Müdafalar | Müdafalar | 43
(1-190)
İDDİÂNÂMEYE KARŞI İTİRAZNÂMENİN TETİMMESİDİR.
Bu itirazda muhatabım, Denizli Mahkemesi ve müdde-i umumisi değil, belki başta Isparta ve İnebolu müdde-i umumileri olarak, yanlış ve nakıs zabıtnâmeleriyle burada acib iddianâmeyi aleyhimize verdiren garazkâr ve vehham me'murlardır.

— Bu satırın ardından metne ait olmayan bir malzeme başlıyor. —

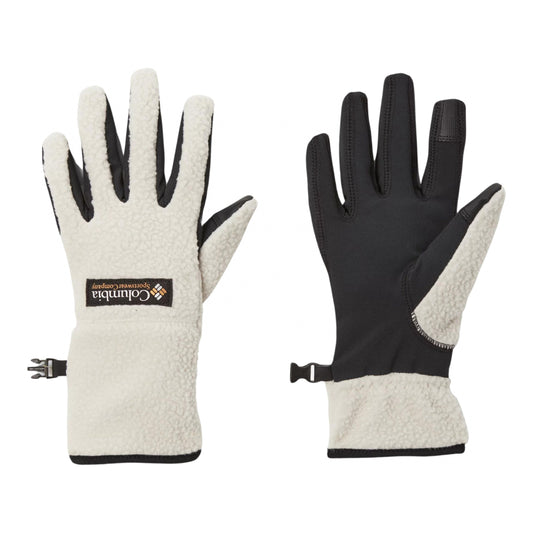 Guanti Columbia Donna Helvetia Sherpa Glove GRIGIO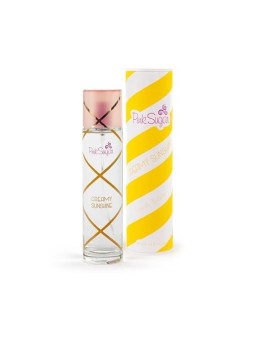 Aquolina Pink Sugar Creamy Sunshine eau de toilette Spray donna 100ml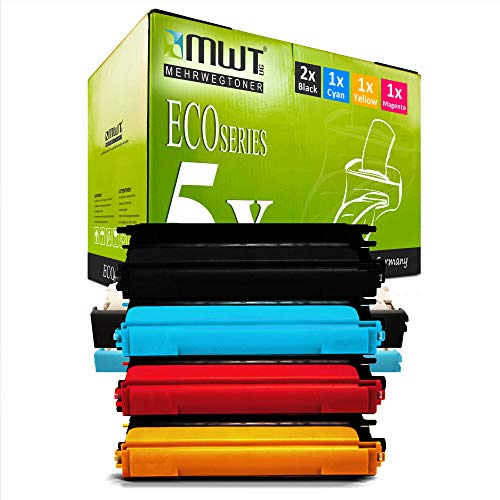 Toner compatible Brother TN-135 pour imprimer sans traces sur MFC 9440 et 9450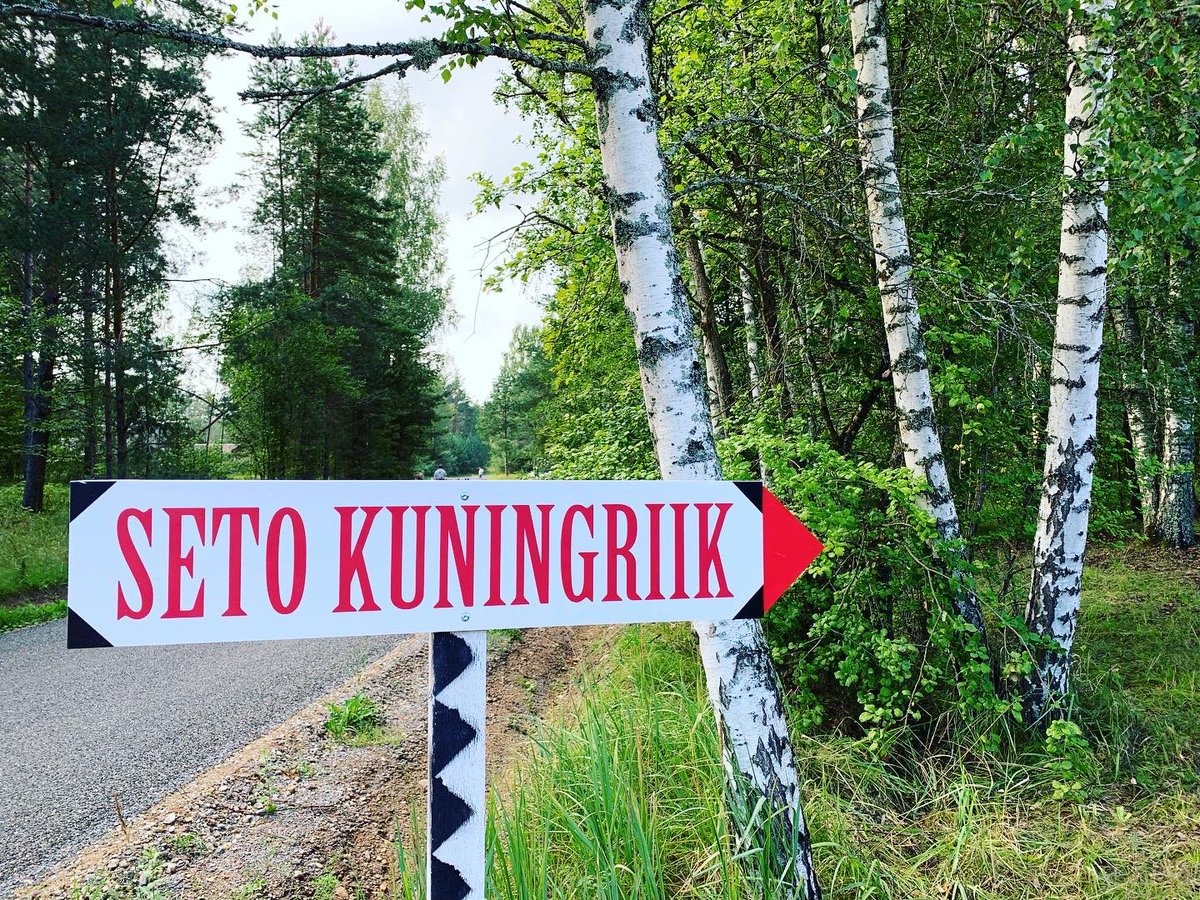 Setod tähistavad Kuningriiki ja Janek Õiglane teeb selliseid trikke 😊 Kultuur ja sport ikka pakuvad!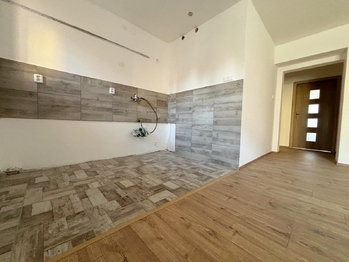 Kuchyně - Prodej bytu 3+kk v osobním vlastnictví 82 m², Žatec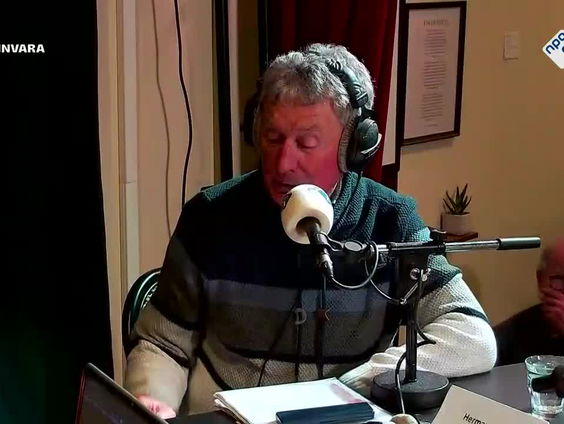 Niki Terpstra trok ten strijde voor behoud van de laatste wielerbanen in Nederland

Evvelâ, aslı ve faslı olmayan ve hatırıma gelmiyen bir siyasî cemiyet nâmını, mâsum ve siyasetle hiç alâkaları olmayan Risale-i Nur Talebelerine takıp ve dâire içine giren ve îman ve âhiretinden başka hiçbir maksadları bulunmıyan biçareleri, o cemiyetin ya nâşiri, ya fa'al bir rüknü veya mensubu veya Risale-i Nur'u okumuş veya okutmuş veya yazmış diye suçlu sayıp mahkemeye vermek ne kadar adaletin mahiyetinden uzak olduğuna kat'i bir hücceti şudur ki: Kur'an aleyhinde yazılan Doktor Duzi'nin ve sair zındıkların o muzır eserlerini okuyanlara "hürriyet-i fikir ve hürriyet-i ilmiye" düsturiyle bir suç sayılmadığı halde, "hakikat-ı Kur'aniye'yi ve imaniyeyi, öğrenmeye gayet muhtaç ve müştak olanlara güneş gibi bildiren" Risale-i Nur'u okumak ve yazmak bir suç sayılmış. Ve yüzer risâle içinde, yanlış mana verilmemek için mahrem tuttuğumuz ve neşrine izin vermediğimiz iki- üç risalede yalnız birkaç cümlelerini bahane gösterip ittiham etmiş. Halbuki o risaleleri biri müstesna Eskişehir Mahkemesi tetkik etmiş, icabına bakmış. Ve müstesnası ise, hem istidamda hem itiraznâmemde gayet kat'i cevab verildiği.. ve "Elimizde nur var, siyaset topuzu yok!" diye Eskişehir Mahkemesinde yirmi vecihle kat'i isbat edildiği halde, o insafsız müddeiler, üç mahrem ve neşrolmayan risalelerin üç-dört cümlelerini bütün Risale-i Nur'a teşmil eder gibi, Risale-i Nur'u okuyan ve yazanı suçlu ve beni de hükûmet ile mübareze eder diye itham etmişler.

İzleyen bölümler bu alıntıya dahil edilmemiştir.